The principal attribute on show here is—given that each separate element displays a certain simplicity of construction in musical terms, together in the round they combine to create a complex density—a thick patterned sonic carpet full of sculpted depth and shapes. Dark swathes of distorted guitar provide a solid canvas on which sparkling melodies and highlights find themselves picked out, and both the sweetly distracted vocals of Staggs and the more straightforwardly sung delivery of T.J. O’Leary find a springboard from which to launch themselves. More than that though is that that canvas is an expansive one, whose musical and stylistic horizons stretch as far as the eye can see, describing vast limitless soundscapes upon which are drawn the small orbits of the everyday it seems. It’s this aspect of the small painted against the larger backdrop that drives the engine of this album, and for me the brightest sparks come from the friction between the echoey and reverb-sodden guitars, and the borderline ethereality and fragility of Stagg’s vocal lines, which give the impression of a tiny lost point within a much greater space, almost on the verge of being overpowered and being dispersed to the four winds but yet having a hidden steeliness and strength that enables it to both remain whole and be greater than the limits imposed on it.

This is not to say that O’Leary’s voice is lacking in effectiveness, simply that his strengths have a different focus and aims to fill the space it occupies, refusing to let what surrounds it subsume or absorb it in any way. In some ways it’s an act of defiance; in other words, even amongst the vastness, I refuse to be lost and I am a voice that deserves to be heard and listened to. The backing music is equally adept and flexible at creating a supporting framework upon which to hang the two vocal styles, and very often the music is designed to complement whoever’s singing and does so excellently. It is clear, then, that all of the musicians work as a successfully harmonious unit, able to draw out the relative strengths of each, polishing and illuminating them; moreover this particular facet positively shines through, blindingly so I would say.

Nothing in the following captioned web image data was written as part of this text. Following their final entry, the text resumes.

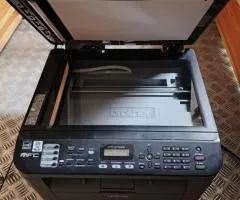 МФУ Brother MFC-7860DWR – лазерен монохромен, печат, сканиране, копиране | Варна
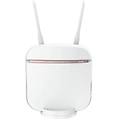 dwr-978/e router wireless gigabit ethernet dual-band (2. 4 ghz/5 ghz) 5g bianco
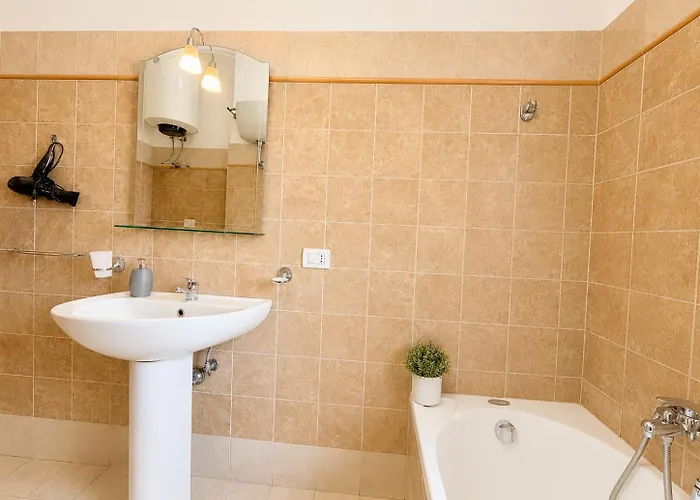 Apartamento San Pietro Family Big - 5 Min Vatican Train Station
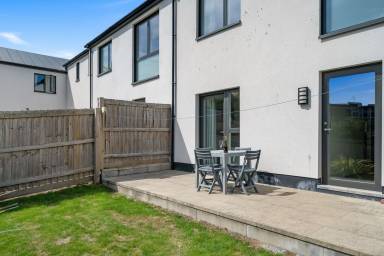 House Perranporth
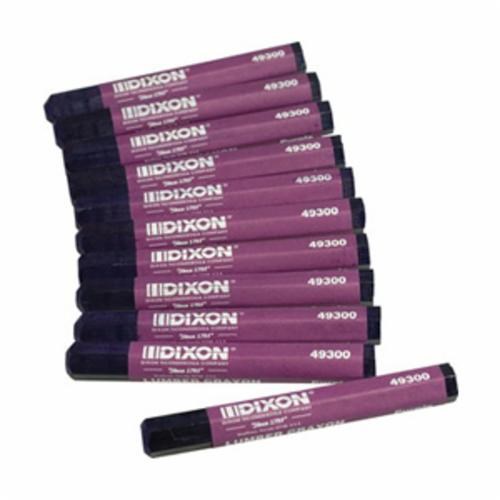 PK12 493 LUMBER CRAYON (PURPLE)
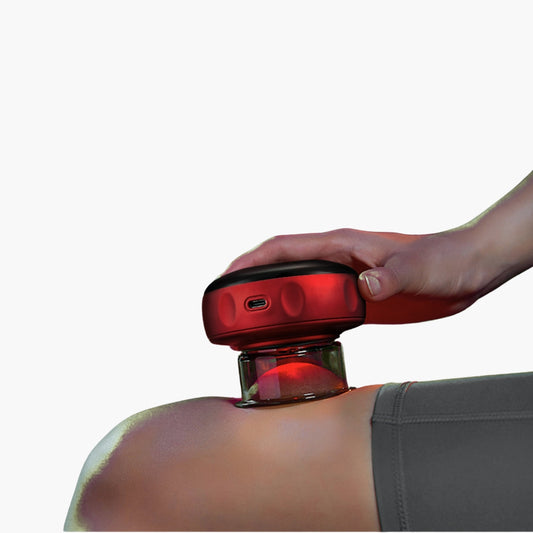 VacuThera™ Pro – Electric Cupping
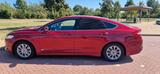 Ford Mondeo - Ford Mondeo aus 2025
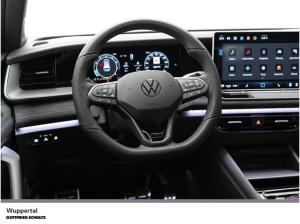 Volkswagen Tayron R-Line 2.0 TSI 4MOTION (Wuppertal)
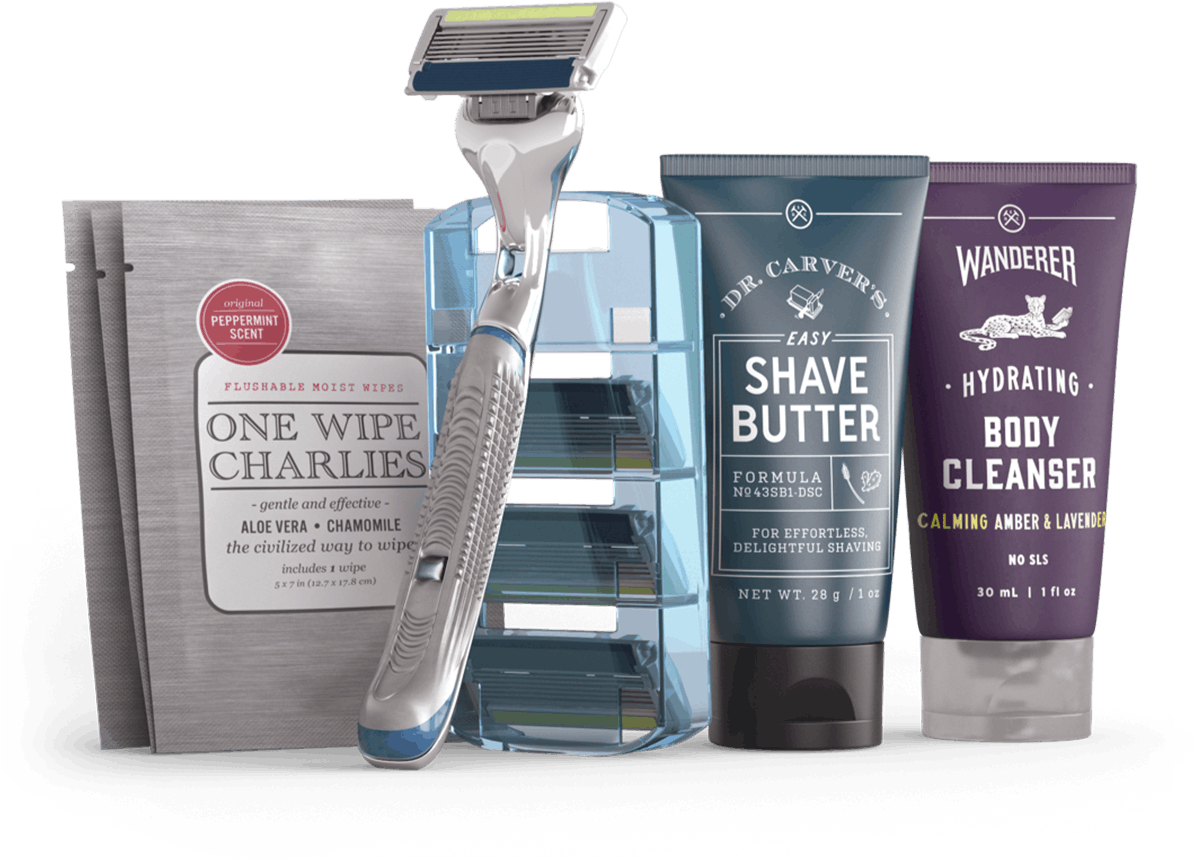 $5 Starter Sets - Cosmetics (1200x1200), Png Download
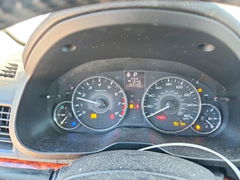 صورة رقم 9 من المزاد - 2011 SUBARU OUTBACK مع VIN 4S4BRDKCXB2417139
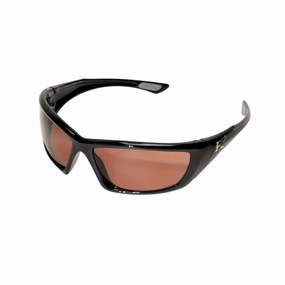 Edge TXR415 - Robson - Black / Polarized Copper "Driving"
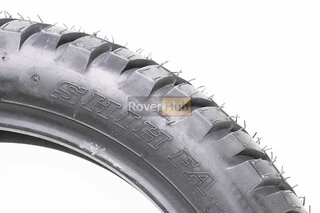Шина 110/90-16 безкамерна, шипована SV-H302
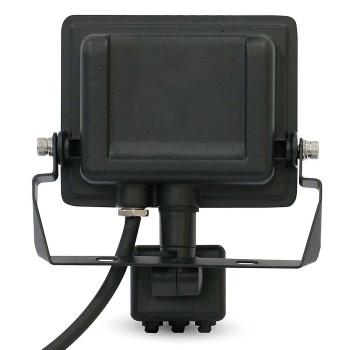 LED schijnwerper 4000 K Nominale lichtstroom: 1620 lm IP44 220 - Nedis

As a collection of songs melody- and beat-driven songs this has few, if any, faults—however I do have one issue with this CD, and that’s the cover that graces it. Quite simply put it looks like it’s the result of no more than ten minutes work when they discovered that in the euphoria of putting this together they’d actually forgotten to commission an artist to create one. It’s nothing more than a quickly cobbled together Photoshop exercise—in fact I recognised some of the effects used from my time as a designer getting to grips with the new graphics technology in the early '90s, and in these days of sophistication and polish there is absolutely no excuse for producing such a shoddily packaged product.

Just look past that, though, and there is a wealth of texture, emotional range, and musical prowess to please, and certainly from my point of view, it ticks all the boxes: it is melodically sophisticated and mature, with a group of excellent musicians who play to each other’s strengths and abilities, resulting in a coherent package that is confidently delivered and played. That, to all intents and purposes, is what does it for me on this one.